A: A Tahitian account of the islanders’ reaction to the
first foreign arrivals aboard the British ship HMS Dolphin suggests the
islanders were initially awestruck at what seemed to them “a floating island”
but then attacked the Dolphin in war canoes to be driven off by cannon -
a weapon unknown to them – only for a friendship to develop, leading to those
on both sides weeping at parting.
This pattern of friendship interspersed with
misunderstanding and violence typified relations between the British and the
Pacific islanders, not only on Tahiti but elsewhere such as in Hawaii where
islanders clubbed Captain Cook to death in 1779.

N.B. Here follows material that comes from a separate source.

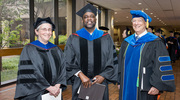 Joan Conaway, Ph.D., Vice Provost and Dean of Basic Research; Russell DeBose-Boyd, Ph.D., Professor of Molecular Genetics and keynote speaker at commencement; and Andrew Zinn, M.D., Ph.D., Dean of the Graduate School, celebrate the momentous occasion.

In Tahiti friendly relations, once established, persisted
and the island swiftly acquired a reputation as a lotus-eating, permissive
Utopian paradise.
However, by the time of Cook’s final visit – Bligh was with
him - Cook could already foresee the catastrophic consequences of the
Europeans’ arrival, bringing venereal and other diseases and giving the
islanders an appetite for firearms and alcohol. When Bligh returned on the
Bounty he also decided the Tahitians would have been better off if the
foreigners had never come.
What happened in Australia was much worse. The Tahitians had
rulers and a social structure that the status-aware British could relate to and
respect. The Aboriginal people who lived communally with few possessions seemed
to the British more primitive.
Although Captain Arthur Phillip, commander of the fleet
bringing the first convicts to Australia, tried to interact humanely with the
indigenous people and learn their customs, the British swiftly appropriated the
Aboriginals’ lands, fishing and hunting grounds. Smallpox and other "foreign"
illnesses decimated their communities even more than those on Tahiti.
Q: How was the book's title chosen, and what does it signify
for you?
A: The title is my attempt to encapsulate the book in three
words. It reflects the irony that from the moment Europeans first encountered
the beauty of Tahiti and of its people who appeared to lead an effortless
existence plucking fruit from the trees in a sexually permissive Utopia, they
without exception described it as a paradise on earth.
Yet the arrival of newcomers in the South Pacific – not just
of sailors in Tahiti but also of literally enchained convicts in Australia –
subjected and subsequently subjugated the indigenous peoples to the new
arrivals’ ideas, diseases and greed with disastrous consequences, fettering
their cherished freedoms and cultures for generations.
And although less significant for the region, after their
break for freedom both the Bounty mutineers and the escaped convicts were once
more put in chains for shipment back to Britain.
Q: What are you working on now?
A: As well being interested in exploration, I’m drawn to big
strategic subjects closer to our own times, hence my books like Before the
Fallout: From Marie Curie to Hiroshima about the development of atomic science
and A Higher Form of Killing about the first use during World War One of new
weapons like submarine-fired torpedoes, aerial bombardment and chlorine gas –
the latter sadly familiar today from reports from Syria.
My next subject will be the 1945 Yalta Conference, a human
drama in which Roosevelt, Churchill and Stalin planned the end of the “hot war”
and in their decisions about the partitioning of the post-war world inaugurated
a “cold war.”
Q: Anything else we should know?
A: Recently I was delighted to act as historical consultant
and to appear in National Geographic TV’s newly-transmitted Origins series
exploring important milestones in our human story.